▶ _Supplied entries_
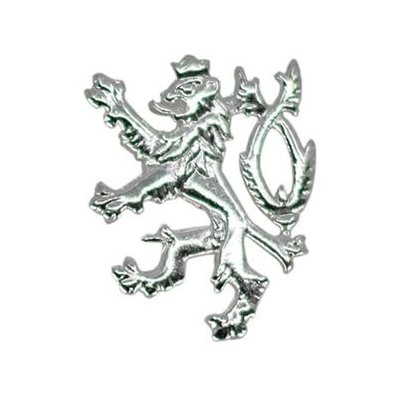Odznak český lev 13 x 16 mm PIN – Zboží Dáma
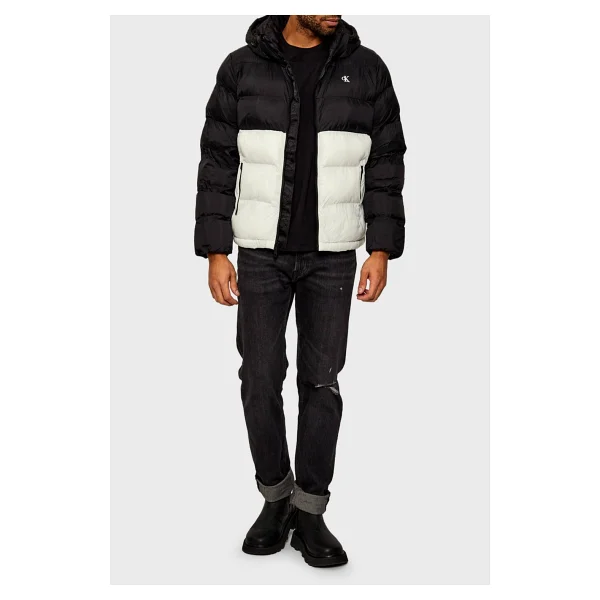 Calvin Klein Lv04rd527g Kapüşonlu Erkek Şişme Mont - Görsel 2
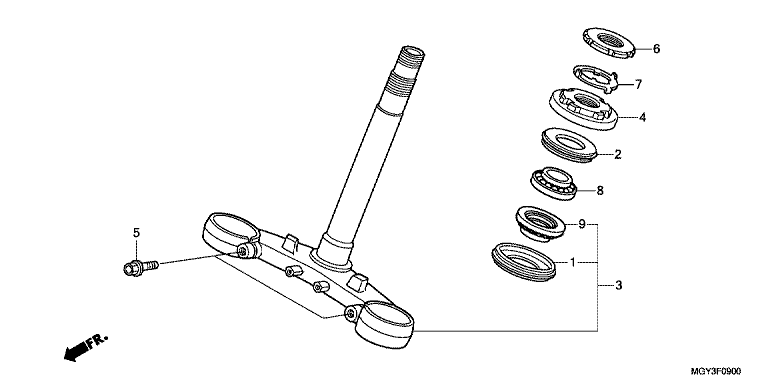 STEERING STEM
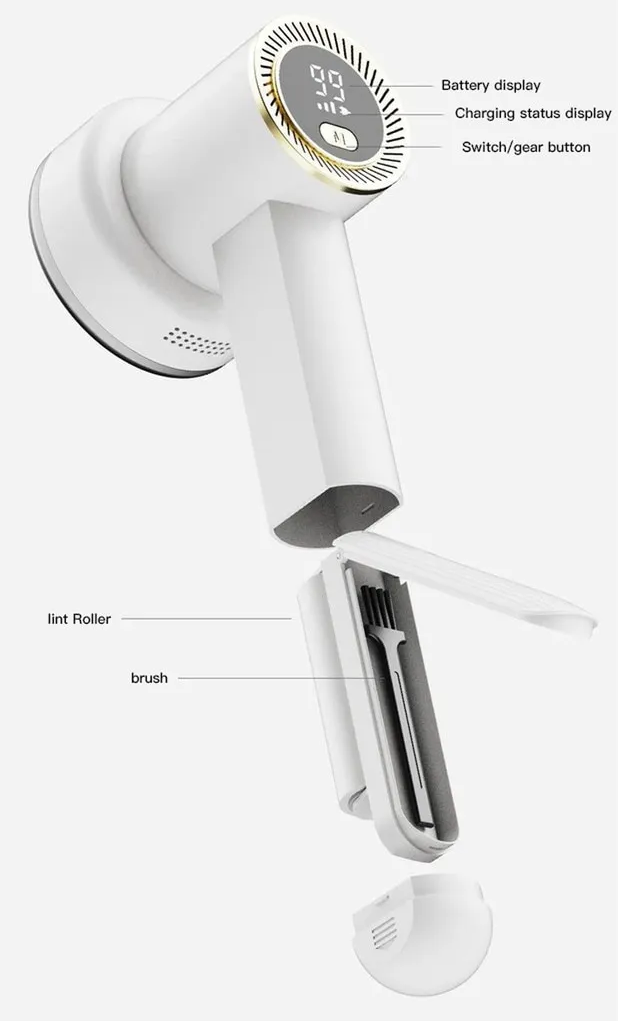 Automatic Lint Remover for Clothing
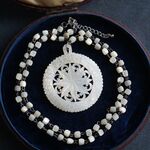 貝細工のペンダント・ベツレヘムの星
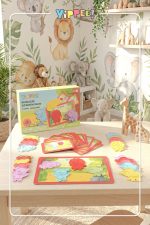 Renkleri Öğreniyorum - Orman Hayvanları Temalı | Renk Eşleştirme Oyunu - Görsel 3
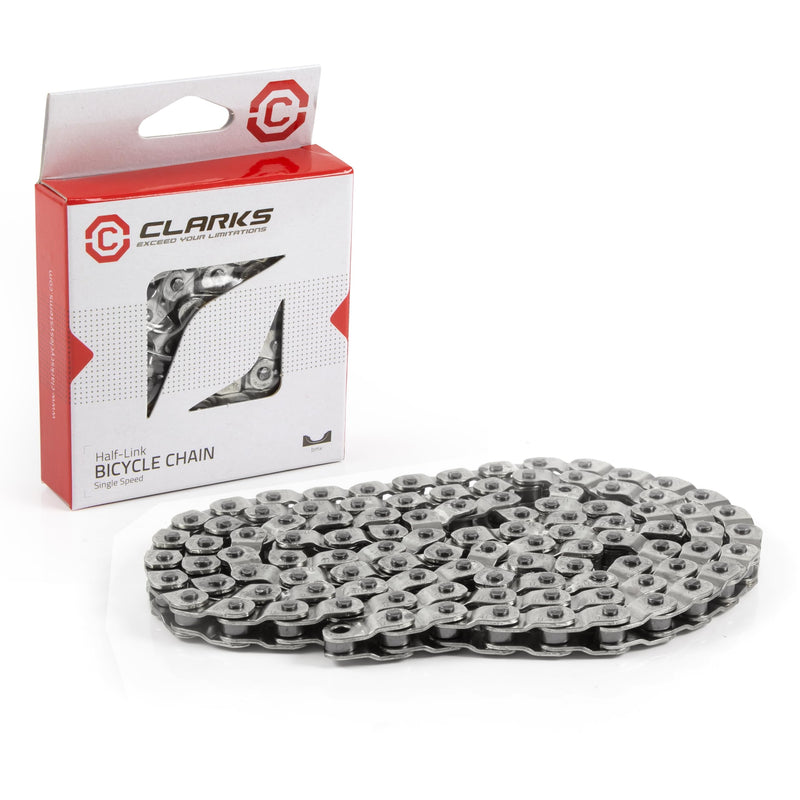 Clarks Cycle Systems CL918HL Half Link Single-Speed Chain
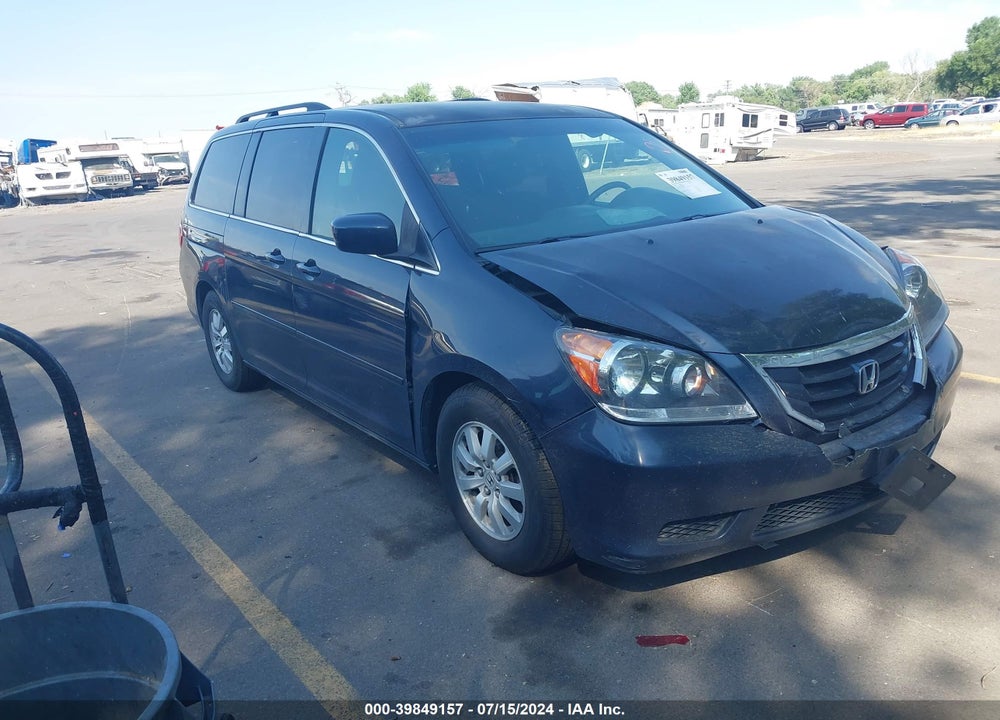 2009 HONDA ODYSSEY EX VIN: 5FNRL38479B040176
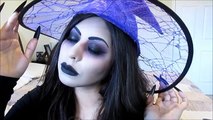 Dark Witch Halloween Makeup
---
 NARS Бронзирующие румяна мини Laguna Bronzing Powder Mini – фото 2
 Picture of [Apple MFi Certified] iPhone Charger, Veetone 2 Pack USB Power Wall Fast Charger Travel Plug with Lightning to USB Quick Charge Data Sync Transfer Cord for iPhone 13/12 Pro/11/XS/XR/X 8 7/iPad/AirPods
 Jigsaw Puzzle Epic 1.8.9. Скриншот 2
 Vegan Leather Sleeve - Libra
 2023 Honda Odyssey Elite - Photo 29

▶ _Exercise goal_
Each line from the one that contains "貝細工のペンダント・ベツレヘムの星" down to the one that contains "Dark Witch Halloween Makeup" is to be returned exactly as it stands above, both ends included, with pictures removed.

▶ _Solution to this task_
 貝細工のペンダント・ベツレヘムの星
 Renkleri Öğreniyorum - Orman Hayvanları Temalı | Renk Eşleştirme Oyunu - Görsel 3
 Clarks Cycle Systems CL918HL Half Link Single-Speed Chain
 2009 HONDA ODYSSEY EX VIN: 5FNRL38479B040176
 Dark Witch Halloween Makeup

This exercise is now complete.